I did not issue a fatwa to kill Mickey Mouse,” complained Sheikh Muhammad Al-Munajid a couple of years ago. The Syrian cleric was anxious to clarify that he had been preaching against mice in general, and not threatening Mickey in particular.
News from the China’s People’s Political Consultative Conference (a political advisory body junior to the National People’s Congress) last week suggests Mickey cannot afford to relax.
Xinhua reports that CCPPC member Zhao Lihong wants to create theme parks in China that will prove “as popular as Disneyland”. Zhao is suggesting that the parks should be themed around the Monkey King, a character from Journey to the West, one of the four great classical Chinese novels.
The Monkey King (known as Sun Wukong in China and often just as Monkey in versions of the story told in the West) was one of three followers assigned to protect the monk Xuanzang on his journey to obtain Buddhist religious texts from India. Zhao thinks their adventures could inspire attractions at the parks. So expect to see a celestial palace, a jade pool in heaven, a dragon king temple under the sea and a fairyland in the clouds.

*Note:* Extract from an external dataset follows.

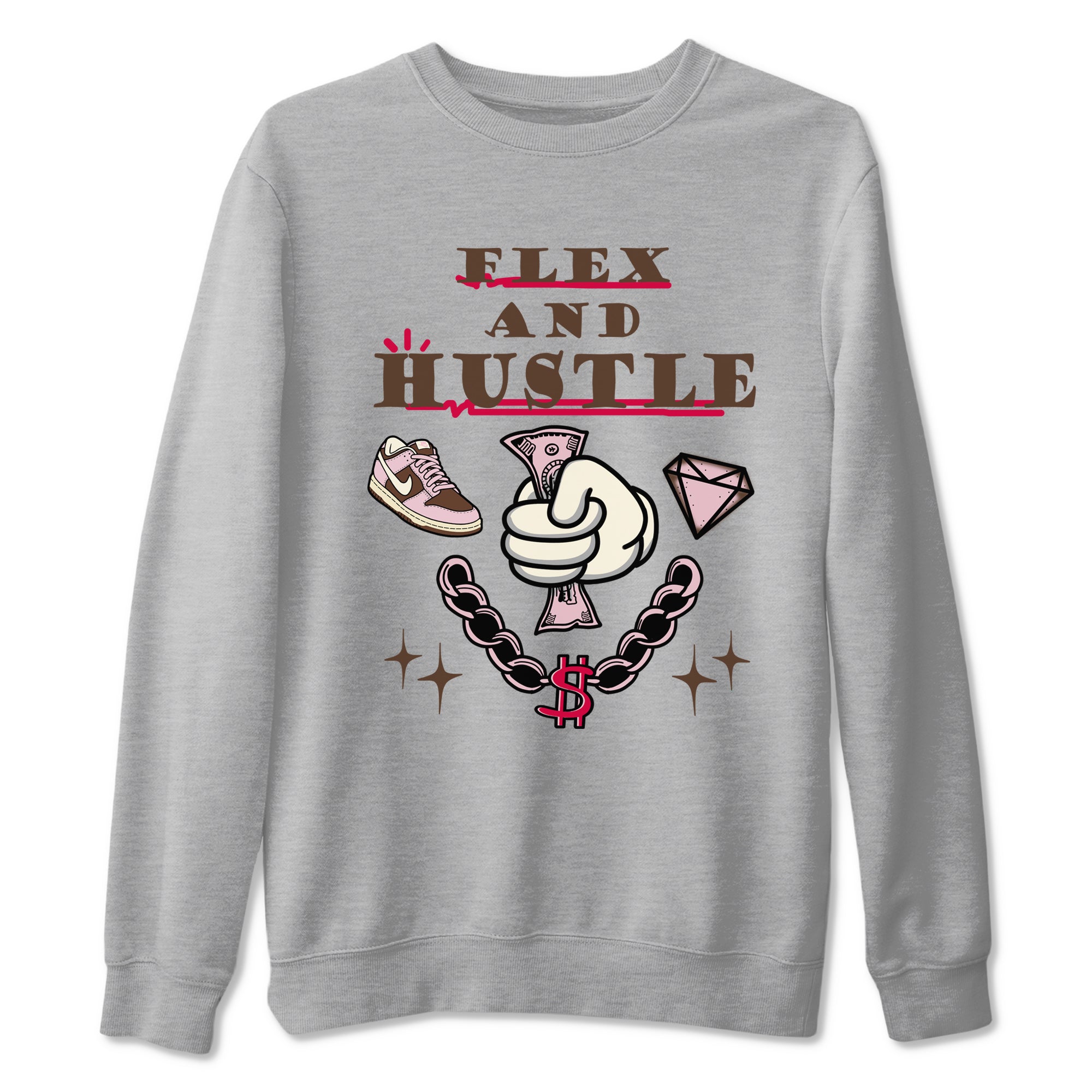 Dunk Cacao Wow And Pink Foam shirts to match jordans Flex And Hustle sneaker match tees Dunk Cacao Wow And Pink Foam SNRT Sneaker Tees streetwear brand Heather Grey 2 unisex cotton tee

Disney first arrived in China 80 years ago, with a screening of Snow White in Shanghai. More recently, it has been in protracted negotiations to open a park in Shanghai – of which the city’s mayor, Han Zheng recently quipped: “We are in a serious relationship with Disney but we haven’t tied the knot yet.”
As far as Zhao is concerned, a park based on the Monkey King would be a preferable attraction. Like a Disney venture it would be a children’s wonderland, reports Xinhua, although one infused with a Chinese spirit and culture.
Is this further evidence of a newly confident nation jostling for position with its American rival? Perhaps. It certainly reflects a view that there are insufficient Chinese cultural images on the global stage. Zhao also thinks the parks would work well in Korea and Japan – both of which are very familiar with the Monkey King’s adventures.
In terms of a direct head-to-head between the Mouse and the Monkey, it’s hard to avoid the conclusion that Mickey might be a little out of his depth, pound-for-pound.
After all, the Monkey King lifts 8,100kg, fights superbly, travels as a cloud and somersaults 54,000 kilometres in a single flip. Mickey, on the other hand, has large floppy ears and his only combat experience (in the movie Fantasia) saw him quickly overwhelmed by disobedient pails of water.